Berat is a very special city. Its age, culture, and folk traditions make it one of the most interesting towns in the Mediterranean area.
The city’s history began with the creation of a fortified acropolis in the VI Century B.C. However, there are traces of human settlement dating back 4000.
Contrary to the other cities in Albania, Berat was the only one that managed to preserve the qualities of civilization throughout all of its history. The soaring castle of Berat commanded the road to the port of Vlora and the city of Korça and dominated also may lesser passes. The city was militarily strategic and it held the key to the exploitation of the rich natural surroundings. As the major empires took turns in conquering Berat they left their remarkable traces which are still visible today. In ancient times Berat was called Antipatrea, after Antipater, Alexander the Great’s regent of Macedonia and later Pulcheriopolis after the sister of Emperor Theodosius II. The Romans called it “Albanorum Oppidum” (Town of the Albanians). During the second Bulgarian Empire, 960 – 1018, the town was named Belgrade (White Castle). It became the center of the feudal Muzaka family in the Middle Ages. Ottoman rule began in 1417. At this time Berat developed as an important strategic and commercial centre. During the Ottoman era, Berat had about 5.000 inhabitants and was one of the largest cities and an important centre in Albania. In 1774 the Pashalik of Berat was created under Ahmet Kurt Pasha, which in 1809 became part of the Pashalik of Ioannina, the ottoman province which included today’s southern Albania and northern Greece.
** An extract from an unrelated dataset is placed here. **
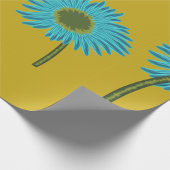 Bold Blue Daisy Art op mosterdgele achtergrond Cadeaupapier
The city of Berat is located on the southeast of Albania. It is located among 7 hills and divided in two parts by the picturesque river Osum. On the east side of the city resides the mighty “Saint Tomor” (Mount Tomor), the so-called Olympus of Albania. On the west the mountainous landscape is completed by Tomor’s brother, Mount Shpiragu with the deep “wound” in its body. Legend has these as the bodies of two feuding brother giants.
Berat is the place of sun and flowers. The area enjoys 300 sunny days per year as a gift from God and 25 square metres of green spaces per person, gardens and parks, are maintained by its citizens, who are well known as lovers of flowers.
Berat has a population of 78.000 inhabitants. The hills and the mountain slopes around Berat are planted with fig trees, olive trees and other fruit trees.
Its religious buildings and important monuments are well known for their architectural excellence. The monuments that are the most complete are from the XIII century or later. The castle and its fortification walls are interwoven like a mosaic of different ages. The various quarters “Kala”, “Mangalem” and “Gorica” nestle on the skirts of the hills and valley sides of the town.